══ Records for this task

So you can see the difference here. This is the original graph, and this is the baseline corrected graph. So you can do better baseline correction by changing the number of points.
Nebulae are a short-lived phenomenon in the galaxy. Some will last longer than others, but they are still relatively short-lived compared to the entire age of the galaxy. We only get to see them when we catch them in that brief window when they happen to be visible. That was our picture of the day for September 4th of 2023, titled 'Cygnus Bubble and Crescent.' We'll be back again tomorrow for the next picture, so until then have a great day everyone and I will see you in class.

════
══ Records for this task

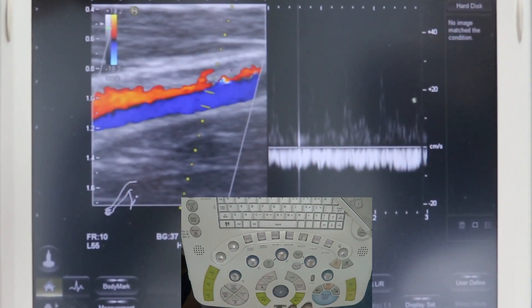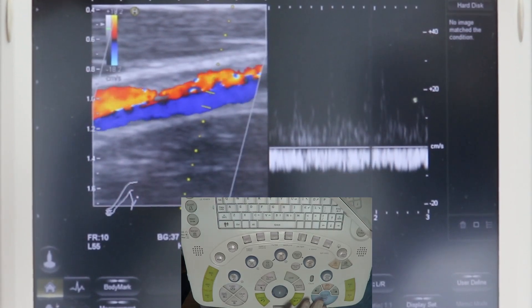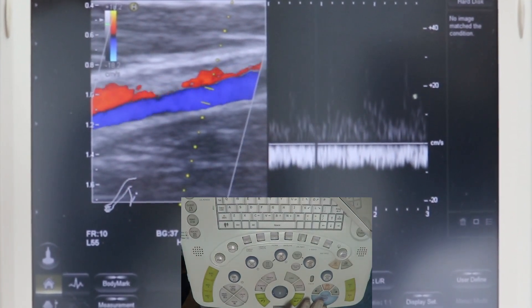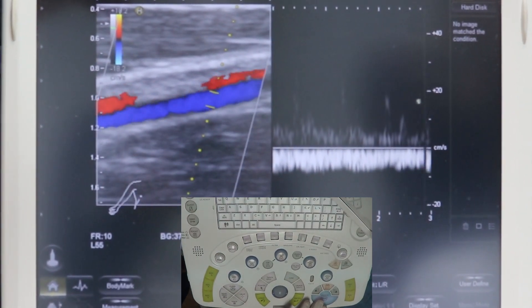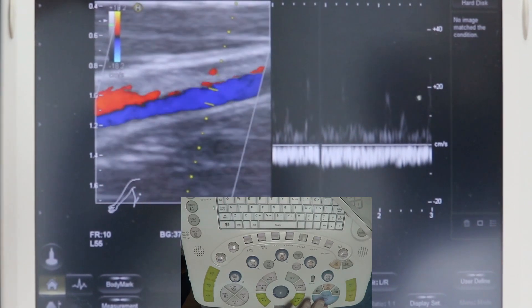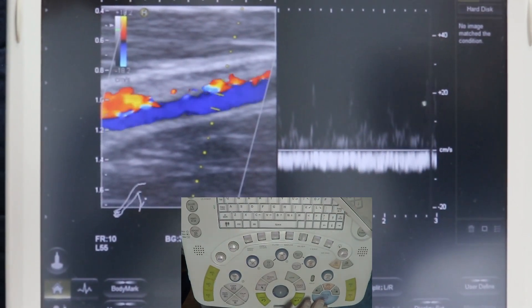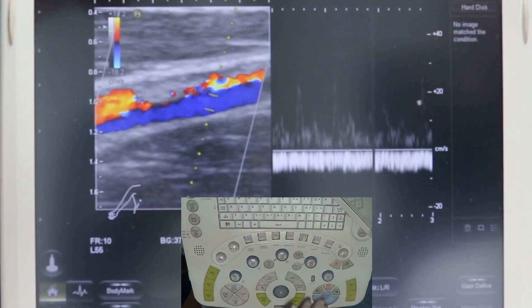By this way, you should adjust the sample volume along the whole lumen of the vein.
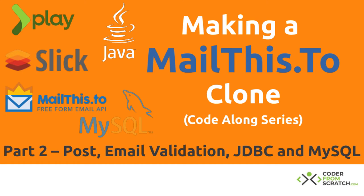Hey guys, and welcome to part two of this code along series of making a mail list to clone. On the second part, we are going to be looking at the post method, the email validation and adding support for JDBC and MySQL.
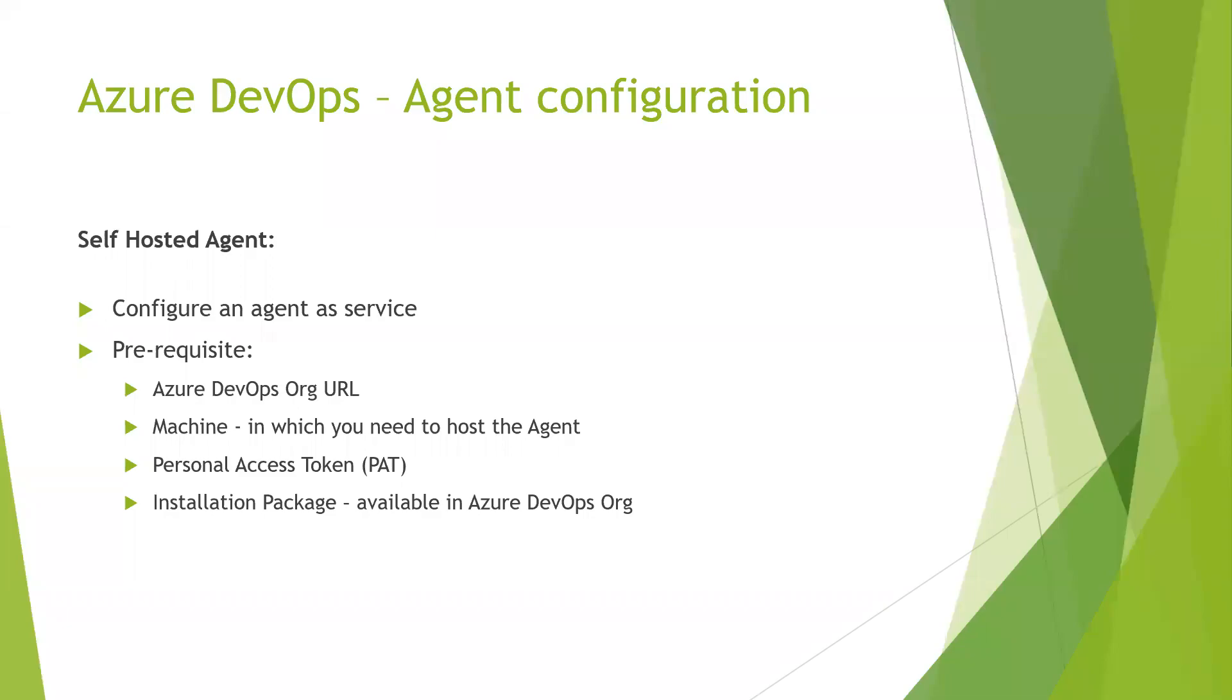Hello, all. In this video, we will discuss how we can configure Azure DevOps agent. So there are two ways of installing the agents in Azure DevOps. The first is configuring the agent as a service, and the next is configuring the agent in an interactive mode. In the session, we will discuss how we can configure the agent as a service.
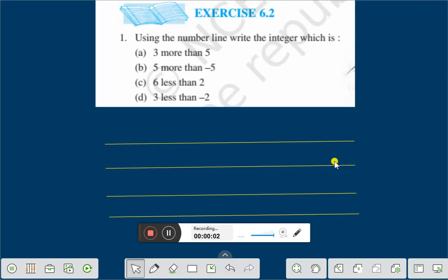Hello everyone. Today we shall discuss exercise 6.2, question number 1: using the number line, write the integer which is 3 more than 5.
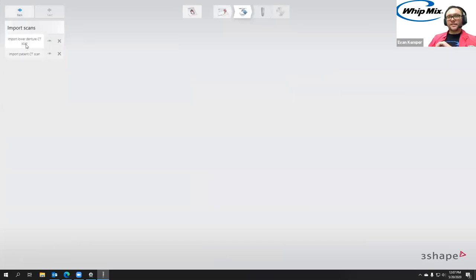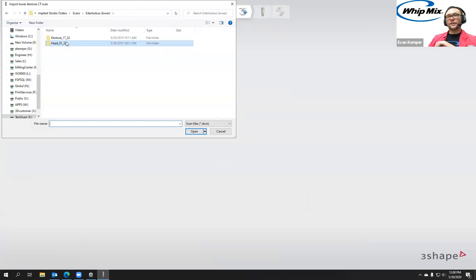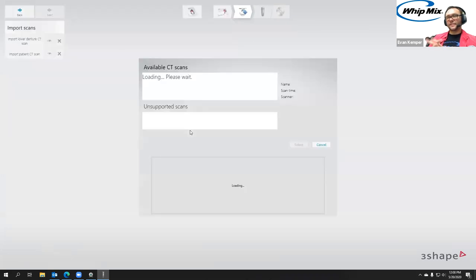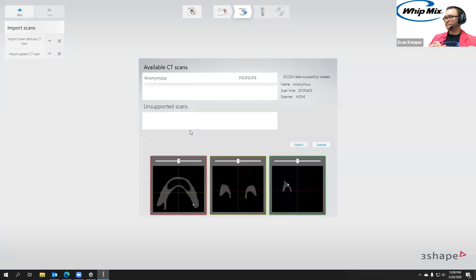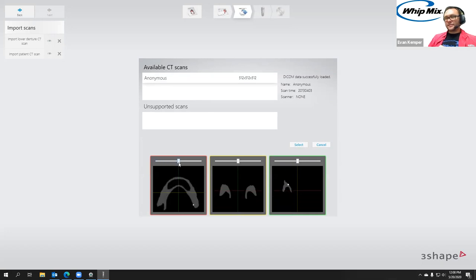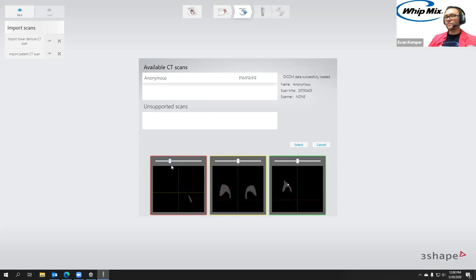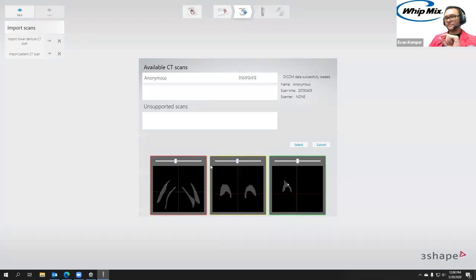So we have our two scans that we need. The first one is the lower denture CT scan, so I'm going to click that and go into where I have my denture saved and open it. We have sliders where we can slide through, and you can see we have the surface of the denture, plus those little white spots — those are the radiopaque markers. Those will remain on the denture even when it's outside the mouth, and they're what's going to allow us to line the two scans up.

════

Out of the entries above, write out only the lines between the line holding "So you can see" and the line holding "Nebulae are a", inclusive, each exactly as given.

So you can see the difference here. This is the original graph, and this is the baseline corrected graph. So you can do better baseline correction by changing the number of points.
Nebulae are a short-lived phenomenon in the galaxy. Some will last longer than others, but they are still relatively short-lived compared to the entire age of the galaxy. We only get to see them when we catch them in that brief window when they happen to be visible. That was our picture of the day for September 4th of 2023, titled 'Cygnus Bubble and Crescent.' We'll be back again tomorrow for the next picture, so until then have a great day everyone and I will see you in class.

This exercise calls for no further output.